Residents at Soundview Houses, a housing project of New York City Housing Authority in Soundview, Bronx, have been overwhelmed, they say, by piles of street-side garbage bags and loads of litter. 

As pedestrians walked along Randall Avenue at Soundview Houses, it was nearly impossible for them to ignore the garbage mountain that invaded the sidewalk. Piles speckled with broken furniture, kitchen sinks, old mattress and even an entire door. Some bags were torn, and their contents spilled out on to the sidewalk:  all kinds of leftovers, empty shampoo and liquor bottles, and crumbled candy wrappers.

Garbage bags pile up along the sidewalk at Randall Avenue at Soundview Houses (Photo by Xiang Shen).

“It’s crazy,” said Krizia Paricci, whose mother has lived there for 20 years. “It’s all over the place.”

“As you can see, sometimes it’s weeks like this,” said Johaida Jose, resident of the Soundview Houses, pointing to mounds upon mounds of garbage bags towering over the sidewalk. “I moved here approximately 11 months ago, and it has always been like this.” 

Jose said the incinerators in several buildings are not working and were locked by the management. Residents, as a result, have to bring the garbage outside until NYCHA fixes the problem. A spokeswoman of NYCHA Soundview Houses responded that they are not aware of the issue and said that “if there’s a problem, it will be fixed.” 

“I don’t know how long it will take,” said Jose. “This is our life now.”

Trash scattered on the sidewalk at Soundview Houses (Photo by Xiang Shen).

Across the street from where Jose stood, a rectangular-shaped traffic island sits in between the two blocks of developments known as the Soundview Houses. After a heavy snowstorm in early February, antifreeze bottles, parts of broken drawers, plastic bags and old tires were visible on the island.
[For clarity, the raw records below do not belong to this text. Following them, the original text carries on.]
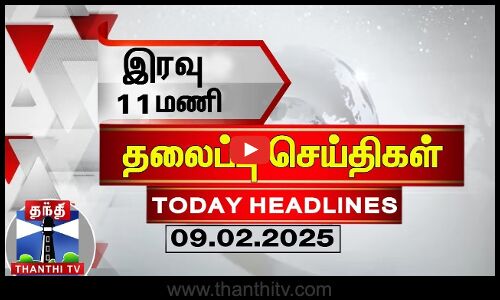 இரவு 11 மணி தலைப்புச் செய்திகள் (09-02-2025) | 11 PM Headlines | Thanthi TV | Today Headline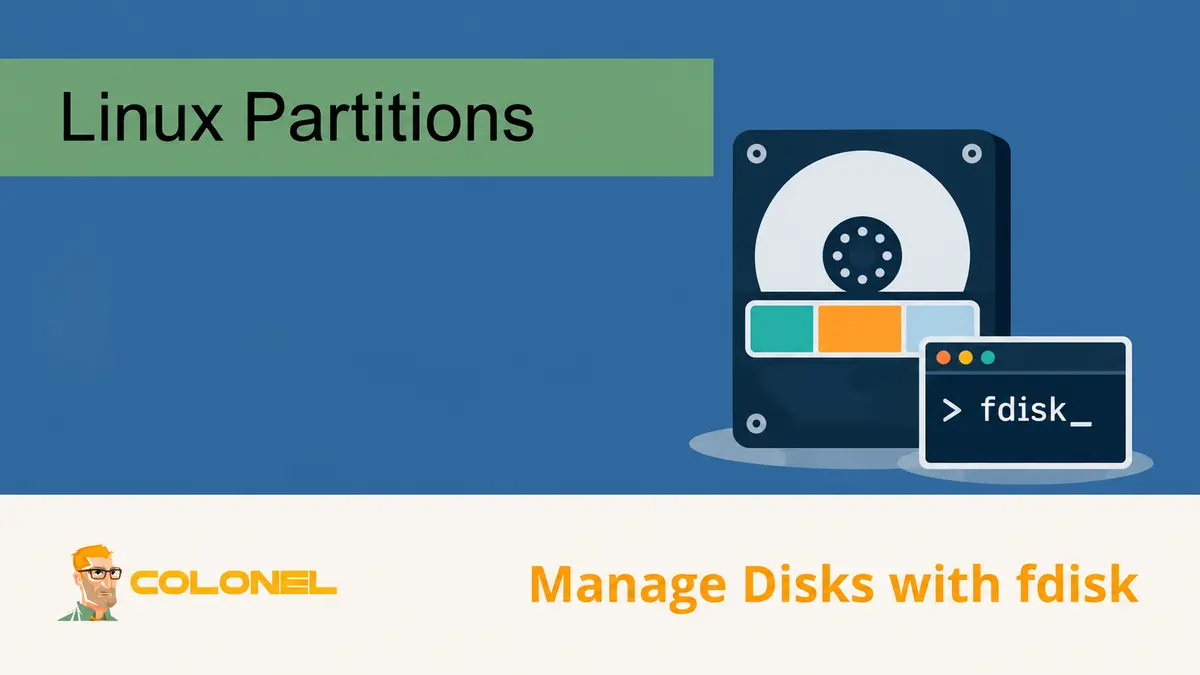 Linux Partitions - Manage Disks with fdisk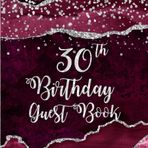 30th Birthday Burgundy Agate Guest Book: Silver Glitter on Burgundy Agate Guest Book with Gift Log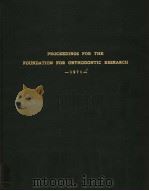 PROCEEDINGS FOUNDATION FOR ORTHODONTIC RESEARCH  1971     PDF电子版封面     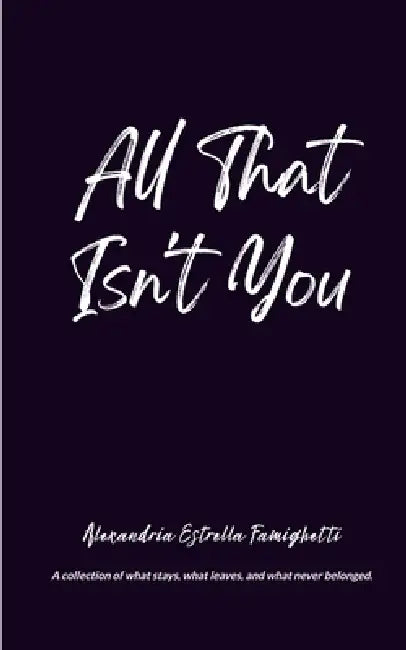 All That Isn't You A collection of what stays, what leaves, and what never belonged. by Alexandria Estrella Famighetti
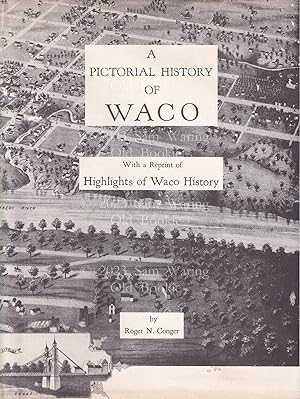 A pictorial history of Waco ; with a reprint of Highlights of Waco history SIGNED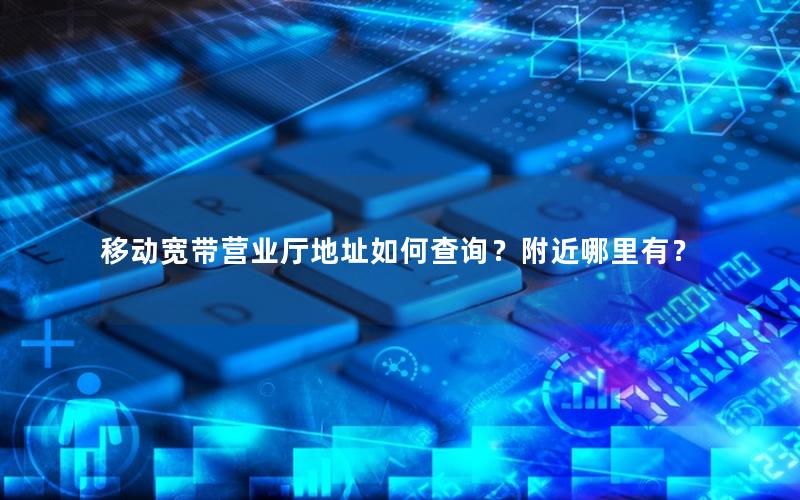 移动宽带营业厅地址如何查询？附近哪里有？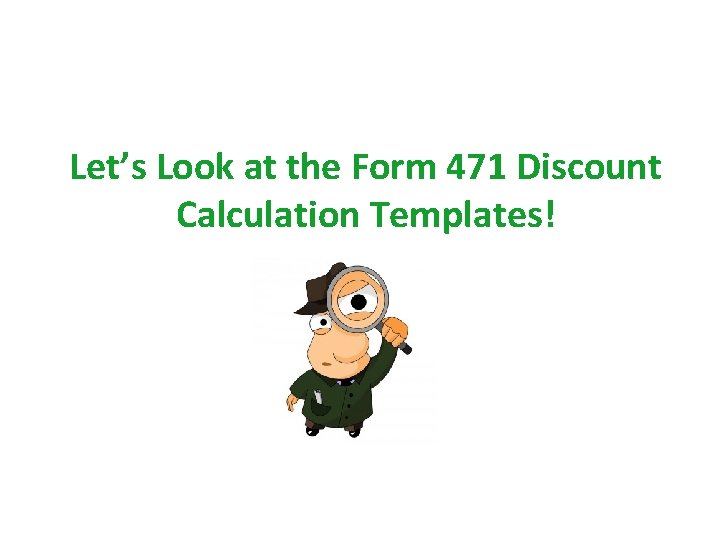 Let’s Look at the Form 471 Discount Calculation Templates! 6 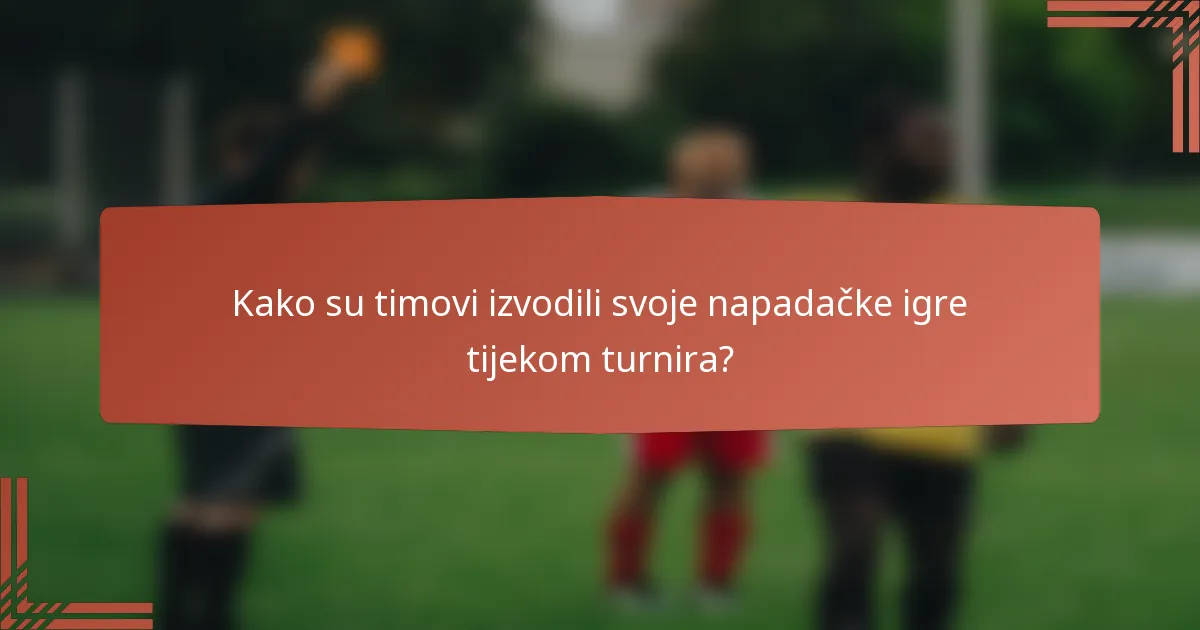 Kako su timovi izvodili svoje napadačke igre tijekom turnira?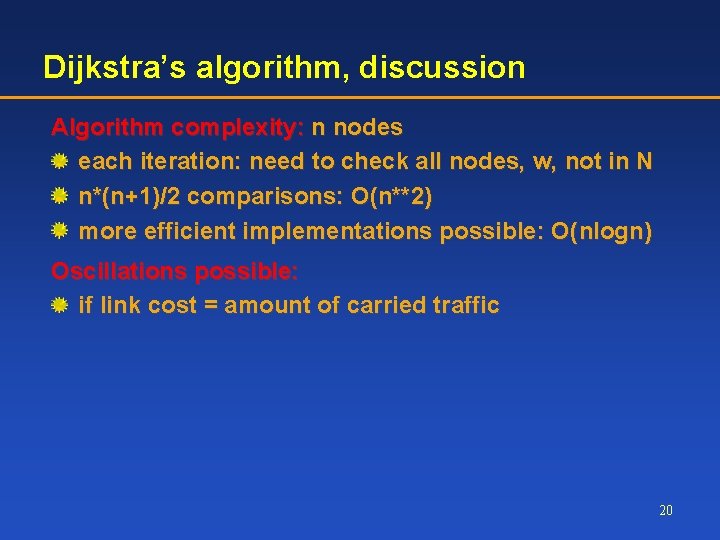 Dijkstra’s algorithm, discussion Algorithm complexity: n nodes each iteration: need to check all nodes,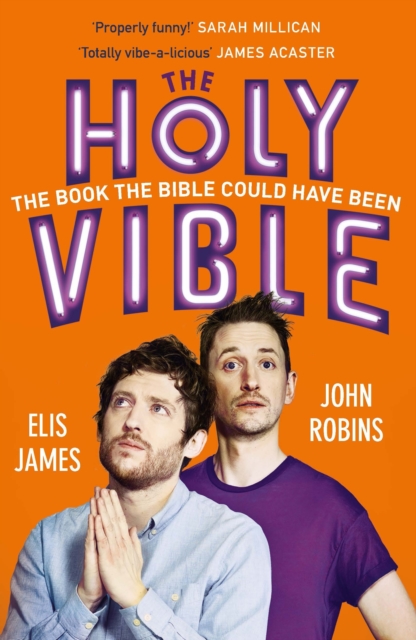 Elis and John Present the Holy Vible : The Book The Bible Could Have Been, EPUB eBook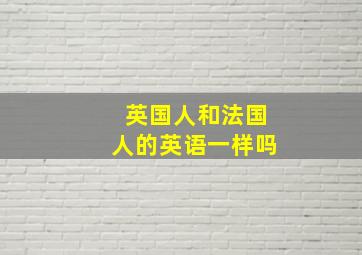 英国人和法国人的英语一样吗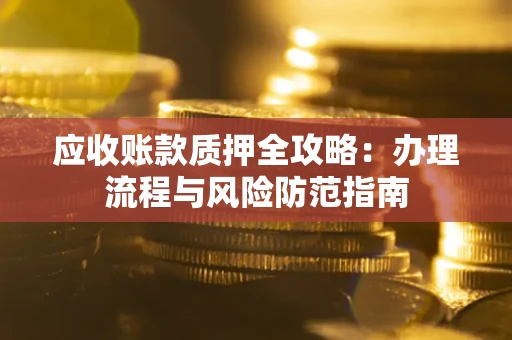 北京应收账款质押全攻略：办理流程与风险防范指南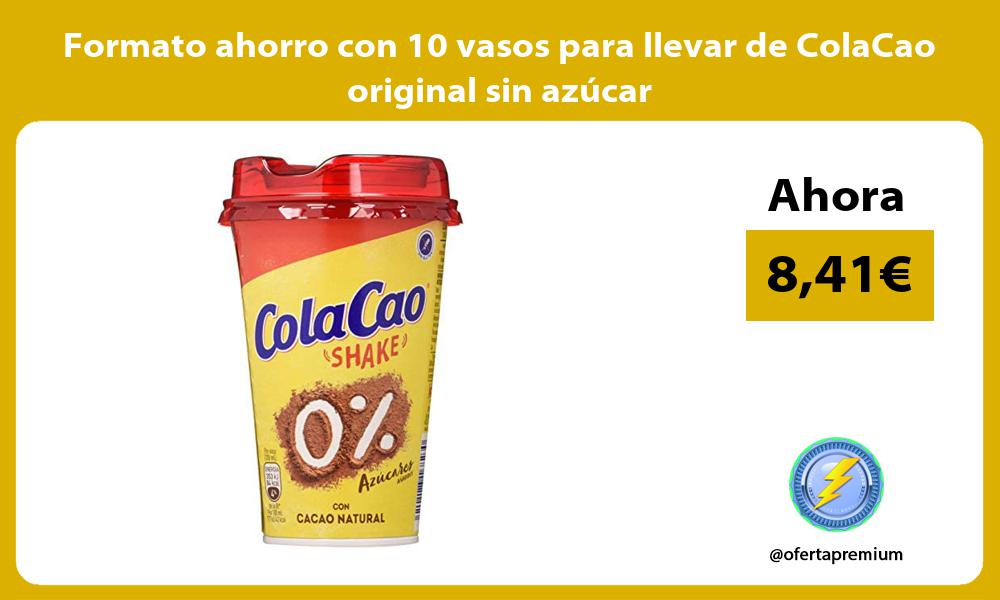Formato ahorro con 10 vasos para llevar de ColaCao original sin azúcar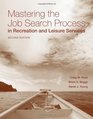 Mastering the Job Search Process in Recreation and Leisure Services Second Edition
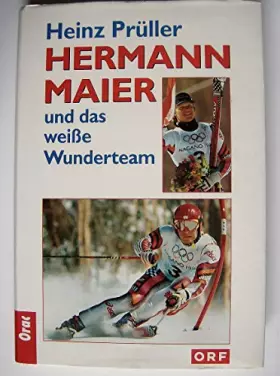 Couverture du produit · Hermann Maier und das weiße Wunderteam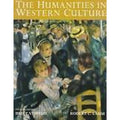 The Humanities in Western Culture : A Search for Human Values by Robert C. Lamm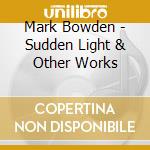 Mark Bowden - Sudden Light & Other Works cd musicale di Mark Bowden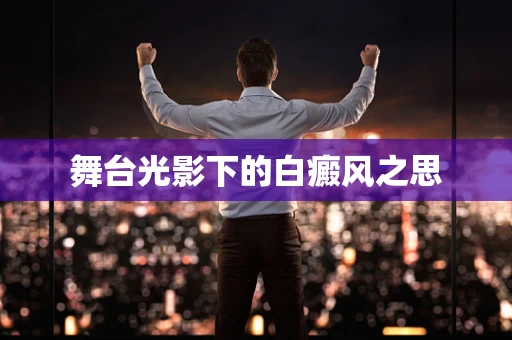 舞台光影下的白癜风之思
Jose said NYCHA does take the garbage bags on the side of the street where the piles of trash are to a collection site, waiting for the Department of Sanitation to pick up, but it does so irregularly and infrequently. 

“It’s now covered by the snow, but as the snow melts, you can see garbage scattering around the island,” said Jose. “No one has ever cleaned it up.” 

According to the residents, the land has been poorly maintained since last summer, and they believe there might be two underlying causes. 

“It’s a ‘no man’s land’, no agency really wants to claim it,” said Cynthia Prisco, whose family lives in the housing project. “And buildings also go months without having access to the garbage compactor, so tenants have to put their garbage in bags.” And those bags have to go somewhere.

Random garbage bags, a glass bottle, plastic bottles and used face masks on the snow-covered traffic island (Photo by Xiang Shen).

Nekoro Gomes, a NYCHA spokesman, told NY City Lens that NYCHA licensed the land from The Department of Citywide Administrative Services on May 1, 2000. In early February, Gomes said that the responsibility for the lot fell on the city.  Since the story’s publication, a NYCHA spokesman said that NYCHA was responsible after all.  The lot has since been cleaned up and neighborhood patrols have been asked to keep an eye on the situation.

The Department of Sanitation responded that they recommend that residents report the issue online or by calling 311 and request immediate assistance for garbage pickups.

Brigitte Vicenty, a lifelong NYCHA resident and founder of an environmental group called Inner City Green Team, said most garbage compactors across the city, including the ones at NYCHA developments, are outdated and are prone to break easily. 

And this is not a new problem. In February 2020, the Brooklyn Eagle reported that NYCHA housing had built-up garbage and rodent issues due to aging compactors. They were often shut down for weeks or for months for repairs, which resulted in improper garbage disposal.

“The compactor thing has been on and off. It wasn’t even announced when they recently fixed it, they kind of just unlocked it,” said Prisco.

“My general hopes for something positive to come out of this are more routine pickups and for the city bureaucracy to stop passing the buck on this track of land,” she said.

Correction: In our original story, a NYCHA spokesman told NY City Lens that the city was responsible for maintaining the lot.  NYCHA, it turns out, is required to maintain the lot, according to a correction made by a NYCHA spokesman after the story’s publication.  The lot has been cleaned up as of Feb.13-14 and neighborhood police have been alerted to monitor the area.  The story has been updated to reflect the changes.